Welcome to Winden, Germany, a small town where the weather forecast is a 100% chance of rain and the nuclear reactor is always smoking in the background. The townsfolk are all either related to or cheating on each other, and everyone is equally fluent in German, English, and pimp-slap. A young boy has just gone missing in the caves, and a wormhole to the eighties has just opened underneath the power plant.

Often glibly described as “the German Stranger Things,” Dark is a hit-or-miss series for most viewers. The plot takes place across three time periods and six decades as characters age and time-travel, and even by time-travel standards, the storyline and relationships are extremely convoluted. On the other hand, half the appeal of Dark is that the writers tell nothing and show everything; the viewer is challenged to decipher and interpret for themselves. Beautifully shot, with scenery and soundtrack that ooze Bavarian grimness, Dark is no casual marathon, and should be reserved for viewers who want an austere, melancholic story that refuses to hold their hand.

The Bad Batch (2016)

A young woman (Suki Waterhouse) is abandoned in the feral desert wastelands outside of Texas, where she is quickly captured by, and loses a couple limbs to, a group of cannibal bodybuilders.
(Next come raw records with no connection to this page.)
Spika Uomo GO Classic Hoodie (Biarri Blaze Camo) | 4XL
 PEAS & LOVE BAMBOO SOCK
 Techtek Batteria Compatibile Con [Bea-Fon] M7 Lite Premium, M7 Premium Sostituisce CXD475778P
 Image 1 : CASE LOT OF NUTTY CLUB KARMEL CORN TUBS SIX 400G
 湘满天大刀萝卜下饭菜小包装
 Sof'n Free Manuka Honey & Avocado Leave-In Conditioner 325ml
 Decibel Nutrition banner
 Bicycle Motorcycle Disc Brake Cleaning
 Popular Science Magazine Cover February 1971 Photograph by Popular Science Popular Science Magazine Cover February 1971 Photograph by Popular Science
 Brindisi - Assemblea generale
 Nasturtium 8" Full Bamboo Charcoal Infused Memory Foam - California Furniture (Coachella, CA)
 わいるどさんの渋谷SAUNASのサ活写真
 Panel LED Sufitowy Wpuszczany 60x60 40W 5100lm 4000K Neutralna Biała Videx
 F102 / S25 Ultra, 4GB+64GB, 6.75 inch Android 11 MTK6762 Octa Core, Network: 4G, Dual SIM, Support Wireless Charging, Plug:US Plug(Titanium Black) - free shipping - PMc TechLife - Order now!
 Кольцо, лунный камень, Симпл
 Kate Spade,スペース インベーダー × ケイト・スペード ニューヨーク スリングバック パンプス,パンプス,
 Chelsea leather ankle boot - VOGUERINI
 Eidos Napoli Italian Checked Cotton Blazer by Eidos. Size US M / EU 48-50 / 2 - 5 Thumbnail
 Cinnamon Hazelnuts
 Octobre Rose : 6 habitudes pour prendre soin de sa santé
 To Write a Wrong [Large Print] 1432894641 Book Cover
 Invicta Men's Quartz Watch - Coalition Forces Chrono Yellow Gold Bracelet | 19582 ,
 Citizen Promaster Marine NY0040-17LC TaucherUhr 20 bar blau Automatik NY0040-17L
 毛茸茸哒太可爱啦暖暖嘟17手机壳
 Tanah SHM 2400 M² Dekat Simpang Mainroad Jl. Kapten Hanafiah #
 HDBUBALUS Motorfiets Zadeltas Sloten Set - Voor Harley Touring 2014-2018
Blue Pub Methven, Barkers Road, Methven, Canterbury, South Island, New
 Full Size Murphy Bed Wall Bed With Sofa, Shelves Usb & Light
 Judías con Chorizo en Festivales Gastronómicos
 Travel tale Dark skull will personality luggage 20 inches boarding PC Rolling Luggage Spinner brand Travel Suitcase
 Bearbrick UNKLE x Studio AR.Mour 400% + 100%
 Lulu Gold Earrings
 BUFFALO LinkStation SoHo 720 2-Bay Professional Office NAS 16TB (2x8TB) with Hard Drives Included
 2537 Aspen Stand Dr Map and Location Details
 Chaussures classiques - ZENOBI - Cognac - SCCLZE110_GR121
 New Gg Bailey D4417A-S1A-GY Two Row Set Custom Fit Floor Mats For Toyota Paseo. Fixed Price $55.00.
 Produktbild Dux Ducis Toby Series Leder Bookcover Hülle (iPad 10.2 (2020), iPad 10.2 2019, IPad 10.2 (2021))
Effecting her escape, she is taken in by a group of scavengers, and plots her revenge--vengeance which leads her to kill the wife and kidnap the daughter of Miami Man (Jason Momoa), the warlord artiste who imprisoned her.

If you ever wondered what daily life was like for the inhabitants of a Mad Max movie, The Bad Batch has your answer; it’s a gritty, brutal punk western told largely without dialogue. The story flows along lines drawn by stunning visuals and masterful camerawork. The pacing can drag somewhat, and its genre-bouncing inability to commit can be as much of a weakness as a strength, but its bizarre, eclectic vision shines through--even if it sometimes tries much too hard to be bizarre and eclectic.

Starring Keanu Reeves and Jim Carrey of all people, with a soundtrack that bounces from Die Antwoord to Boy George, The Bad Batch is a dark, twisted, and wholly bizarre film most definitely not suited for minors. More than just grindhouse — though it most certainly takes its cues from the genre — The Bad Batch is at once empowering, explicit, and more than a little disgusting. Fans of grindhouse, Tarantino, and just good messed-up movies in general should bump The Bad Batch to the top of their Netflix queues.